> _Crawled caption data_:
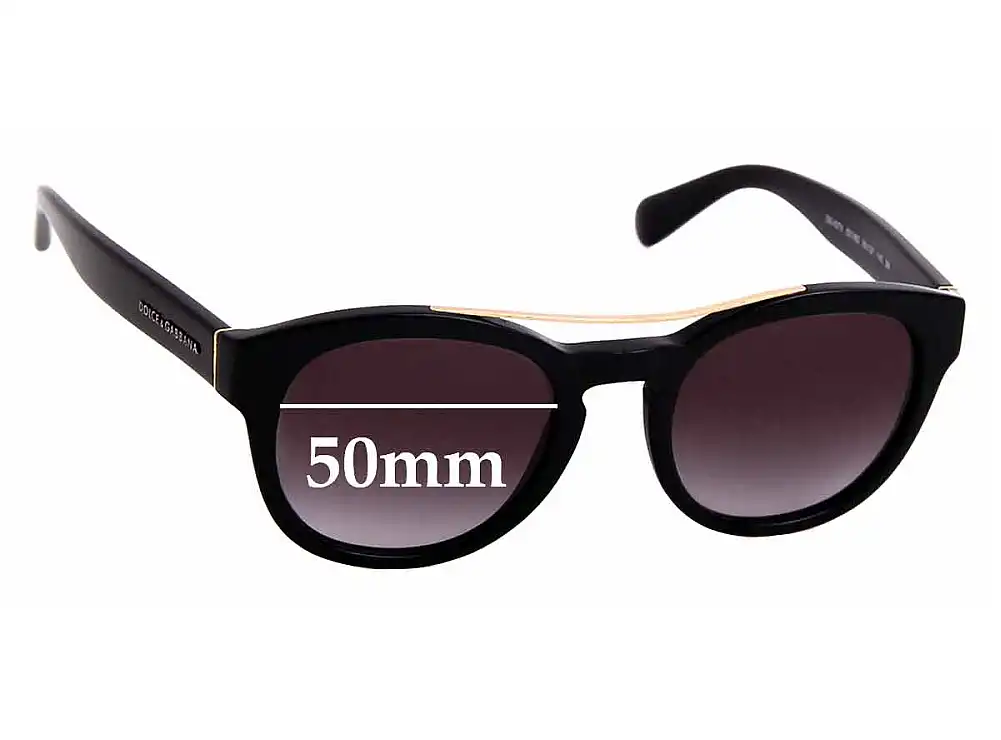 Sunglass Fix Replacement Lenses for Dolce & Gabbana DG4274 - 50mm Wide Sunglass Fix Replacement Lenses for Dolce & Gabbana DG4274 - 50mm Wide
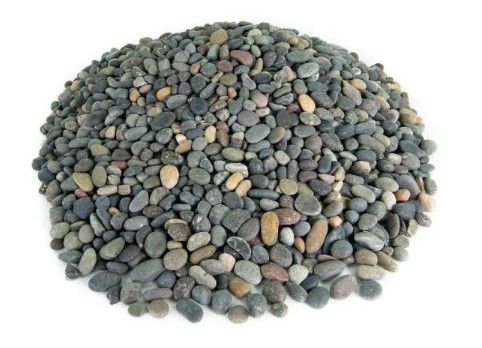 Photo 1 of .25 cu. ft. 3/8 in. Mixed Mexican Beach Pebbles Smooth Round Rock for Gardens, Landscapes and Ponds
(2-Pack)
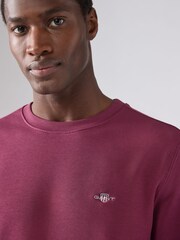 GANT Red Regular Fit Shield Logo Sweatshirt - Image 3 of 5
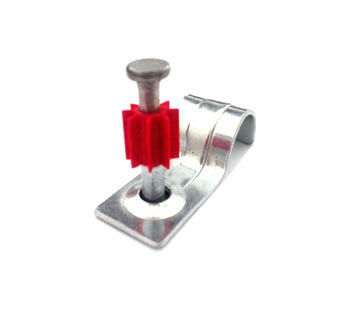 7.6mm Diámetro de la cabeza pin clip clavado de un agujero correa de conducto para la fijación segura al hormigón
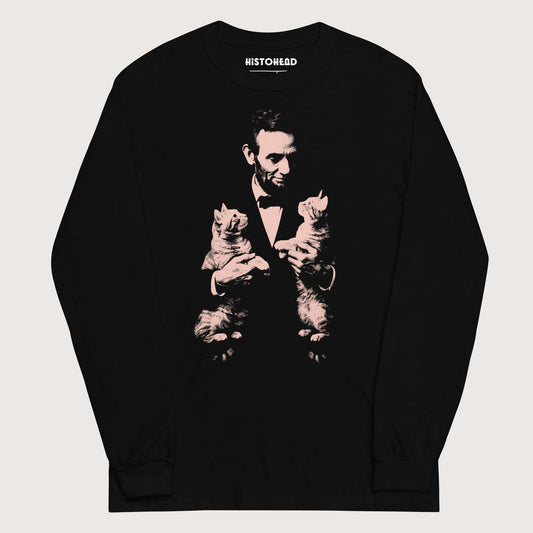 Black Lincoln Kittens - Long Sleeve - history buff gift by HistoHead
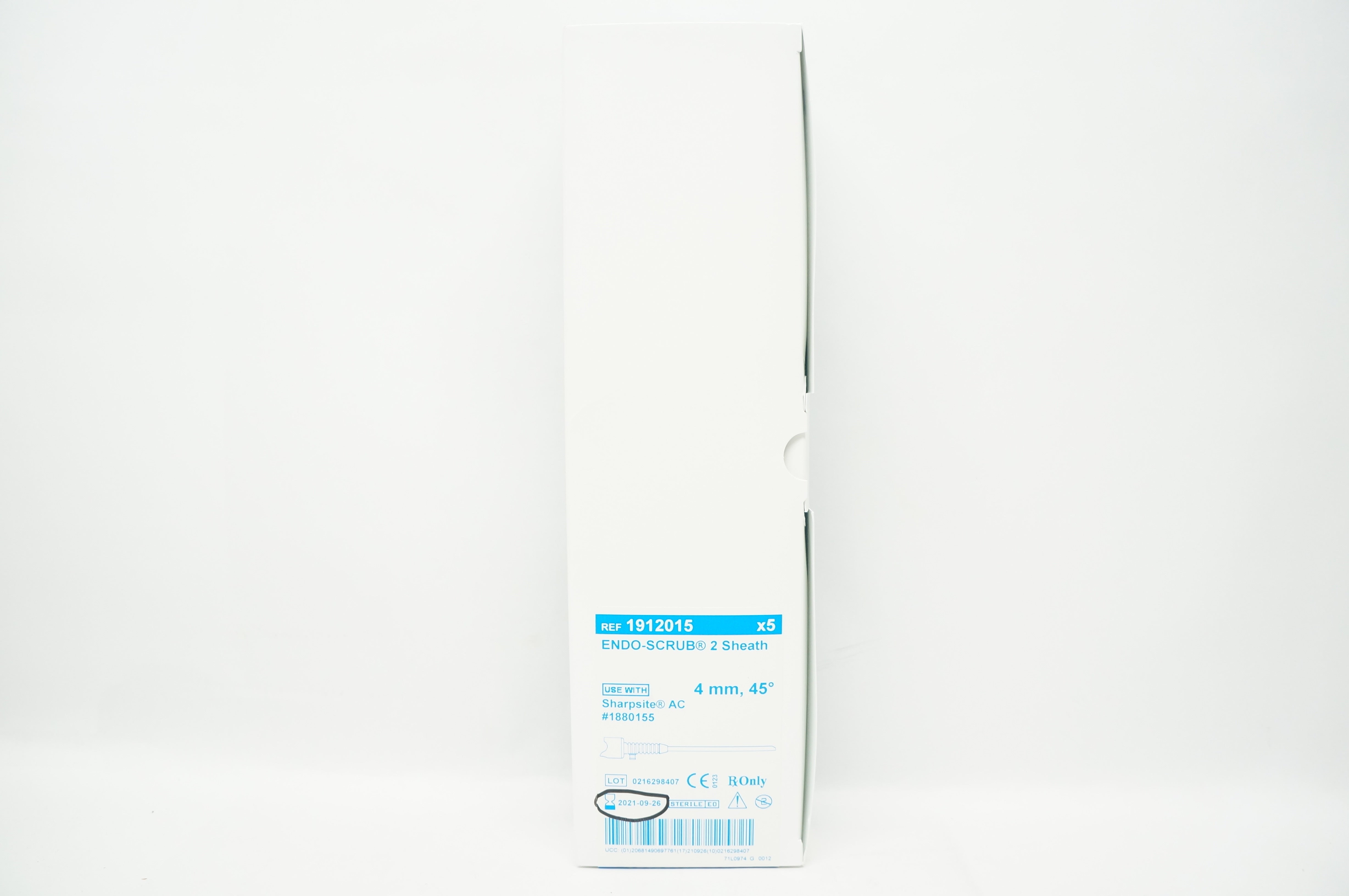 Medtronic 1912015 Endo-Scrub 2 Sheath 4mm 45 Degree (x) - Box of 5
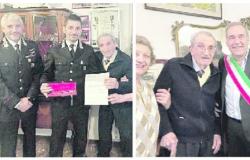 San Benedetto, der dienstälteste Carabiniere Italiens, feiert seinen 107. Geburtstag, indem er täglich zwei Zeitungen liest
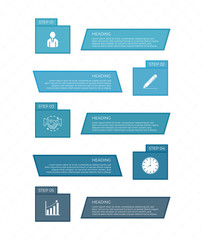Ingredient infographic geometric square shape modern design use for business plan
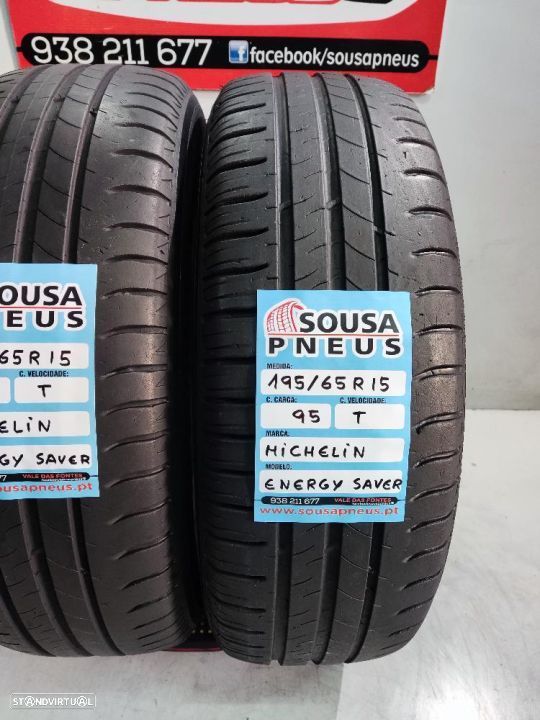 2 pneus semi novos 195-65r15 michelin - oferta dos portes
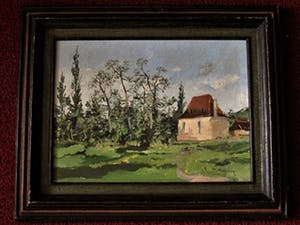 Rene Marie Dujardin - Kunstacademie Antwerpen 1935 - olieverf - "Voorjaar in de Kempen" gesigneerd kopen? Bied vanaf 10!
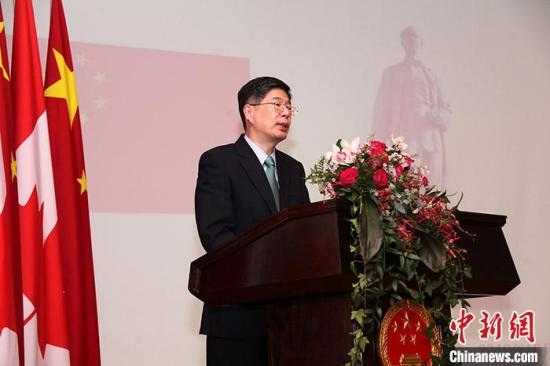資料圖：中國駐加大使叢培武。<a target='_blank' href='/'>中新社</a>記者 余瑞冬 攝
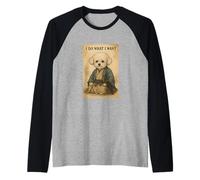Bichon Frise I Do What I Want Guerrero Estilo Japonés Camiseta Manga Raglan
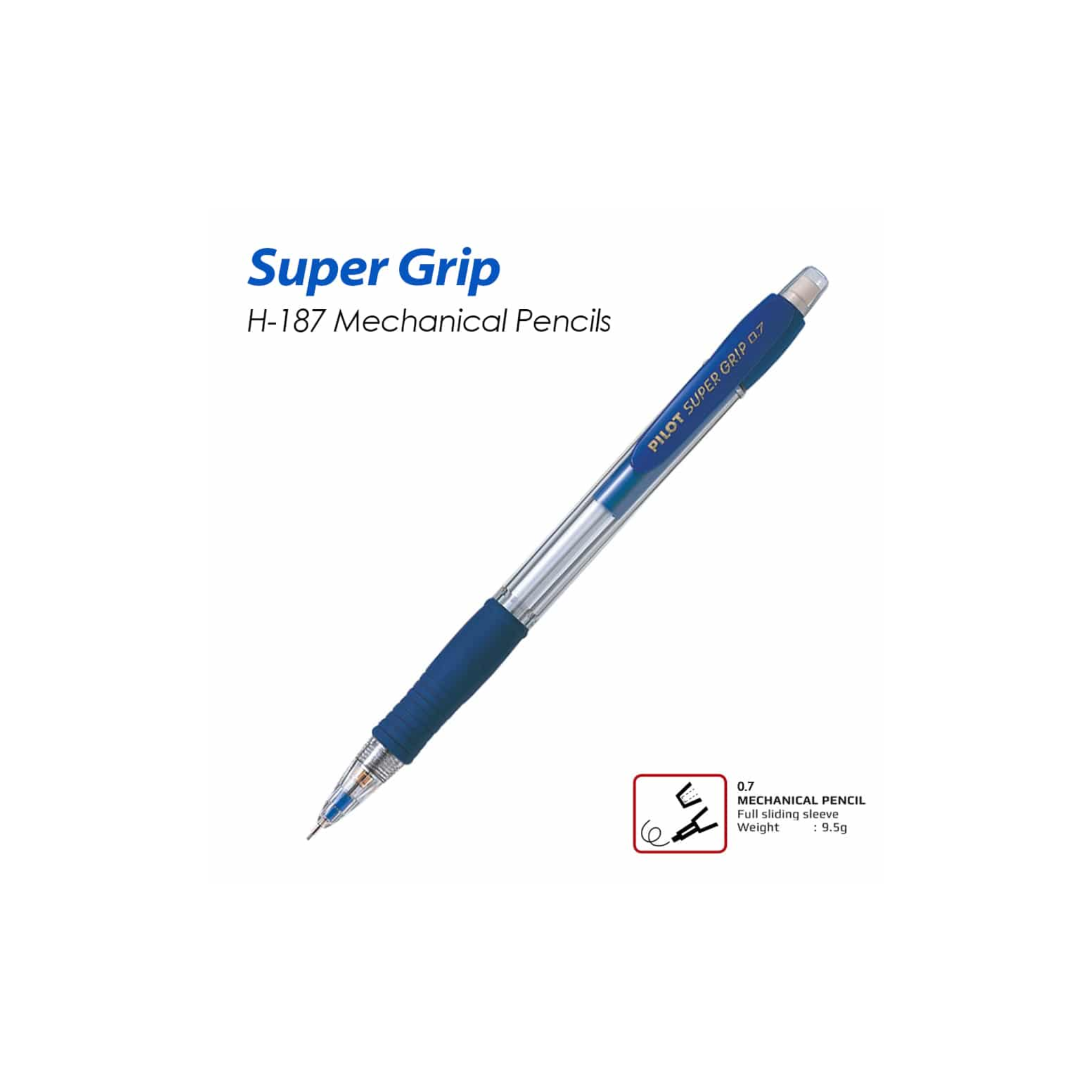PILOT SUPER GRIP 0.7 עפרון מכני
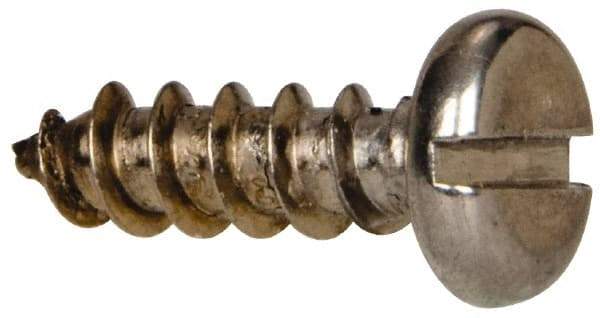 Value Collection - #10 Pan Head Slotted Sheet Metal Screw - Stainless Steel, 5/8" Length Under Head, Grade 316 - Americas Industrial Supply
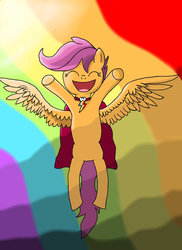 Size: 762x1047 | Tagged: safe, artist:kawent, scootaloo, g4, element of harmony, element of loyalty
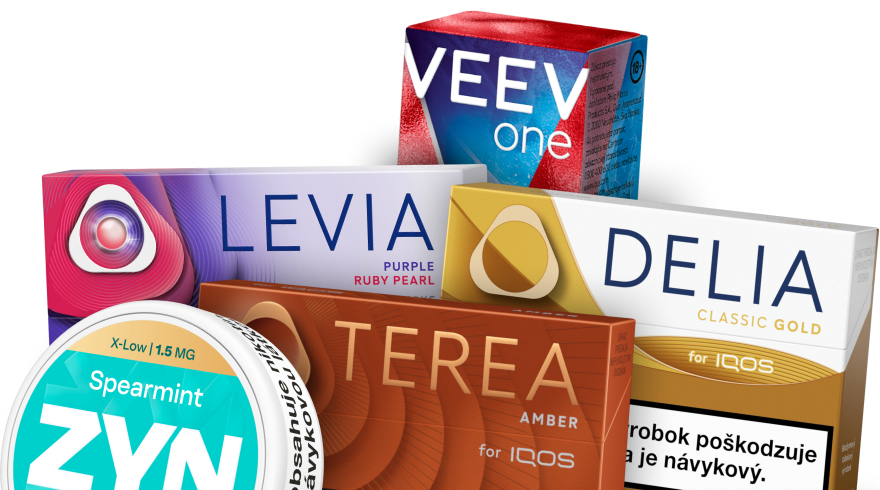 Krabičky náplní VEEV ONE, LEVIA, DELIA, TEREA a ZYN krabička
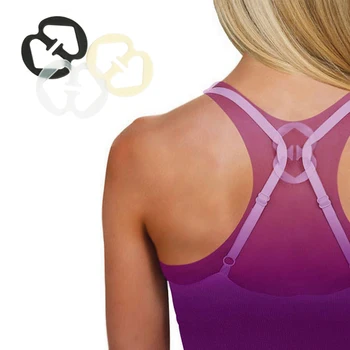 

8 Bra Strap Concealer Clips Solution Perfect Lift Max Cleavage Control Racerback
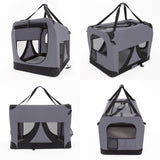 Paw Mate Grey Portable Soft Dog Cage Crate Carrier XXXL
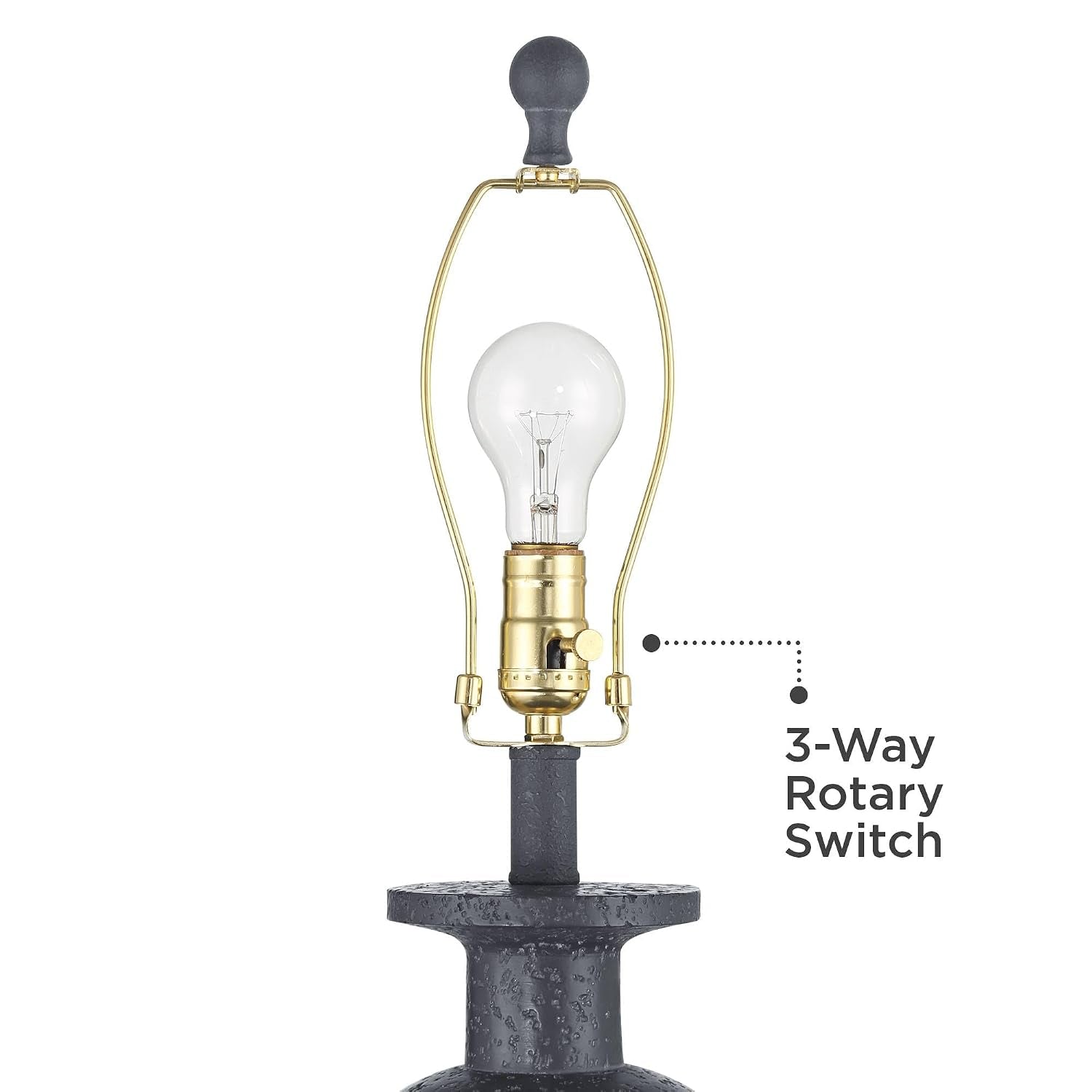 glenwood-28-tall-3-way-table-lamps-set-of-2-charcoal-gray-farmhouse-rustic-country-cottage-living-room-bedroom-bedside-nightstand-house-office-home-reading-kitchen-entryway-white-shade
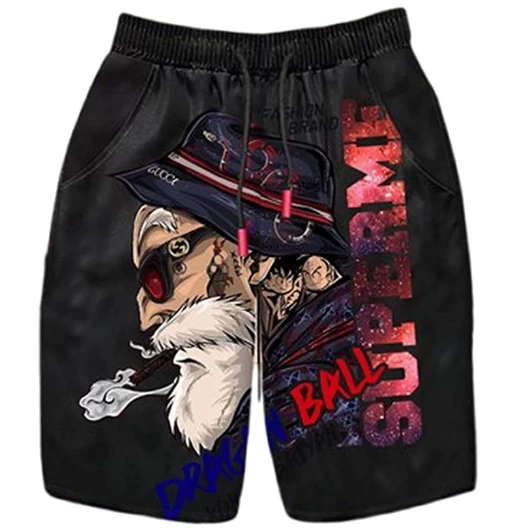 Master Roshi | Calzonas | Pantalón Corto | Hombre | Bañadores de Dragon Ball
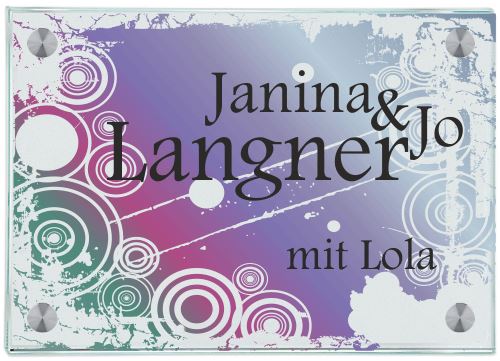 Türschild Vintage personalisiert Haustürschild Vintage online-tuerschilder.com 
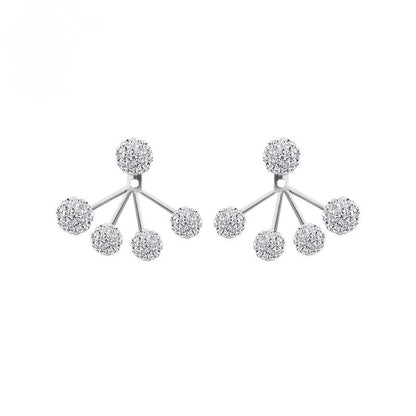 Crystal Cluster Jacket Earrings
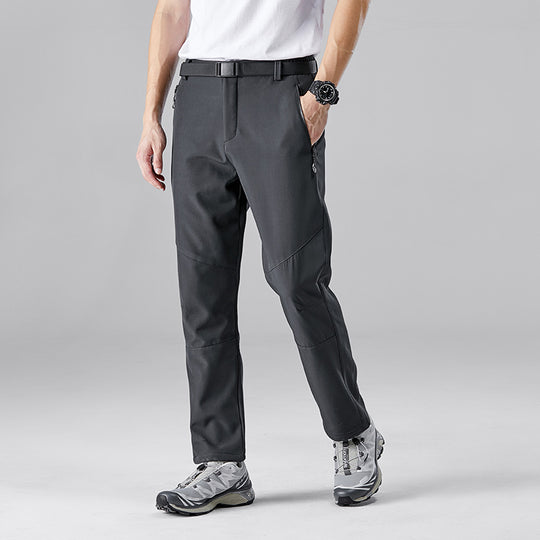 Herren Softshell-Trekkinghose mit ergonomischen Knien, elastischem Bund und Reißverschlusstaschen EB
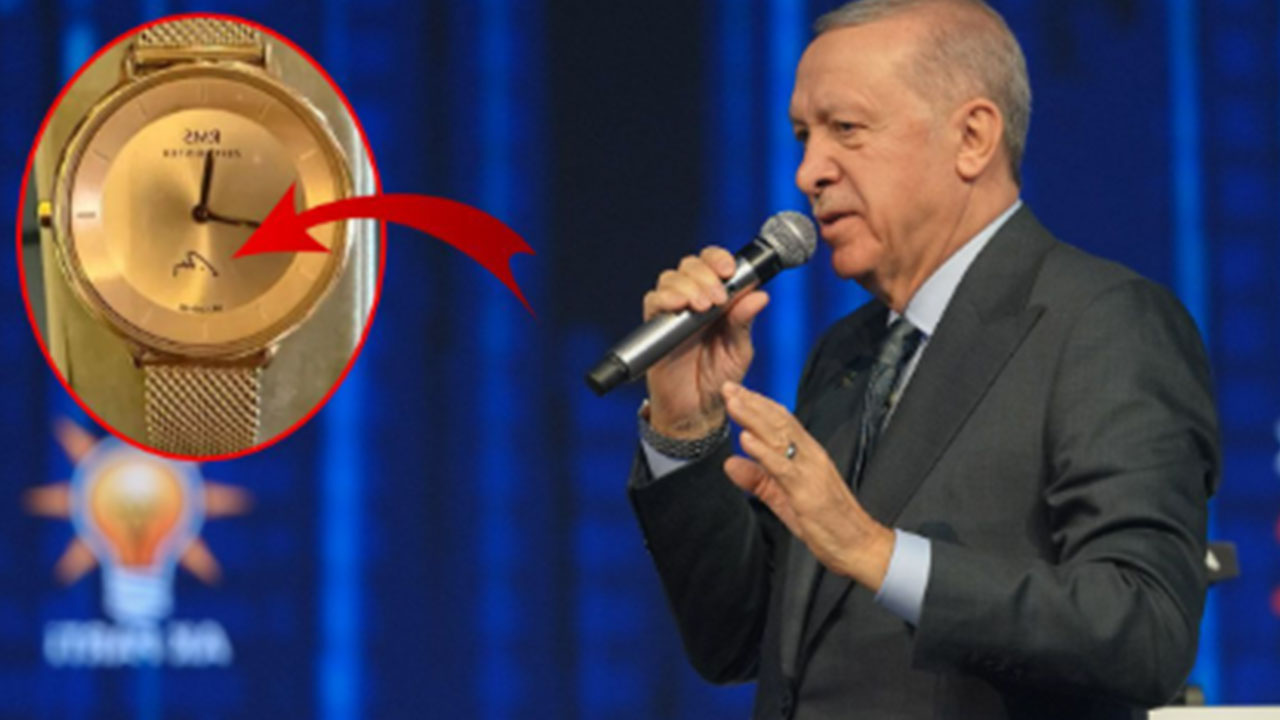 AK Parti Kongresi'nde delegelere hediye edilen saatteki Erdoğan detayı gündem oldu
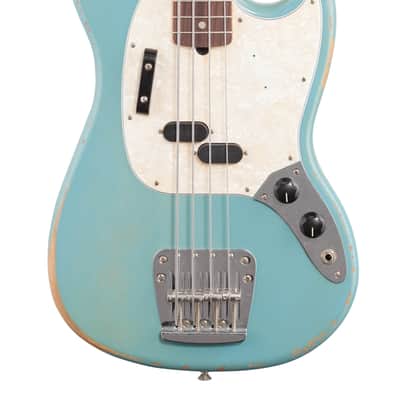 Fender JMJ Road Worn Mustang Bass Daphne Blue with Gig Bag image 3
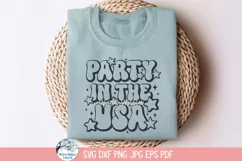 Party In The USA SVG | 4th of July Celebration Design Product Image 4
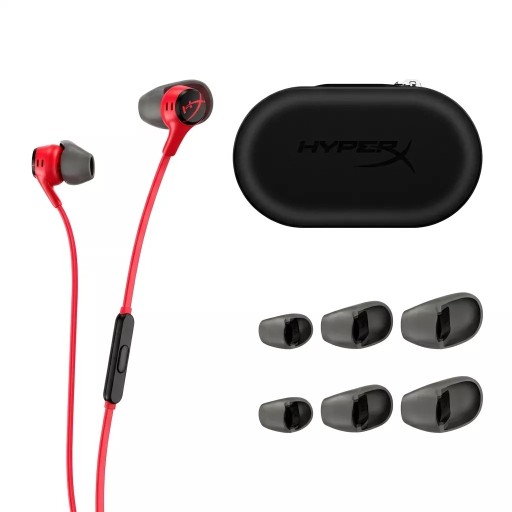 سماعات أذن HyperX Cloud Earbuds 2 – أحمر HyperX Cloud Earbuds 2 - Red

> _What you will do_:
Only the records are wanted, copied exactly, with the pictures dropped.

> _Exercise result_:
 Sunglass Fix Replacement Lenses for Dolce & Gabbana DG4274 - 50mm Wide Sunglass Fix Replacement Lenses for Dolce & Gabbana DG4274 - 50mm Wide
 Photo 1 of .25 cu. ft. 3/8 in. Mixed Mexican Beach Pebbles Smooth Round Rock for Gardens, Landscapes and Ponds
(2-Pack)
 GANT Red Regular Fit Shield Logo Sweatshirt - Image 3 of 5
 7.6mm Diámetro de la cabeza pin clip clavado de un agujero correa de conducto para la fijación segura al hormigón
 Black Lincoln Kittens - Long Sleeve - history buff gift by HistoHead
 Medtronic 1912015 Endo-Scrub 2 Sheath 4mm 45 Degree (x) - Box of 5
 San Benedetto, der dienstälteste Carabiniere Italiens, feiert seinen 107. Geburtstag, indem er täglich zwei Zeitungen liest
Ingredient infographic geometric square shape modern design use for business plan
 2 pneus semi novos 195-65r15 michelin - oferta dos portes
 Rene Marie Dujardin - Kunstacademie Antwerpen 1935 - olieverf - "Voorjaar in de Kempen" gesigneerd kopen? Bied vanaf 10!
資料圖：中國駐加大使叢培武。<a target='_blank' href='/'>中新社</a>記者 余瑞冬 攝
Bichon Frise I Do What I Want Guerrero Estilo Japonés Camiseta Manga Raglan
PILOT SUPER GRIP 0.7 עפרון מכני
 Value Collection - #10 Pan Head Slotted Sheet Metal Screw - Stainless Steel, 5/8" Length Under Head, Grade 316 - Americas Industrial Supply
 Size: 762x1047 | Tagged: safe, artist:kawent, scootaloo, g4, element of harmony, element of loyalty
 Krabičky náplní VEEV ONE, LEVIA, DELIA, TEREA a ZYN krabička

8 Bra Strap Concealer Clips Solution Perfect Lift Max Cleavage Control Racerback
 Paw Mate Grey Portable Soft Dog Cage Crate Carrier XXXL
 glenwood-28-tall-3-way-table-lamps-set-of-2-charcoal-gray-farmhouse-rustic-country-cottage-living-room-bedroom-bedside-nightstand-house-office-home-reading-kitchen-entryway-white-shade
 Master Roshi | Calzonas | Pantalón Corto | Hombre | Bañadores de Dragon Ball
 Türschild Vintage personalisiert Haustürschild Vintage online-tuerschilder.com 
 Crystal Cluster Jacket Earrings
 Herren Softshell-Trekkinghose mit ergonomischen Knien, elastischem Bund und Reißverschlusstaschen EB
 AK Parti Kongresi'nde delegelere hediye edilen saatteki Erdoğan detayı gündem oldu
 Fender JMJ Road Worn Mustang Bass Daphne Blue with Gig Bag image 3
 Party In The USA SVG | 4th of July Celebration Design Product Image 4
 سماعات أذن HyperX Cloud Earbuds 2 – أحمر HyperX Cloud Earbuds 2 - Red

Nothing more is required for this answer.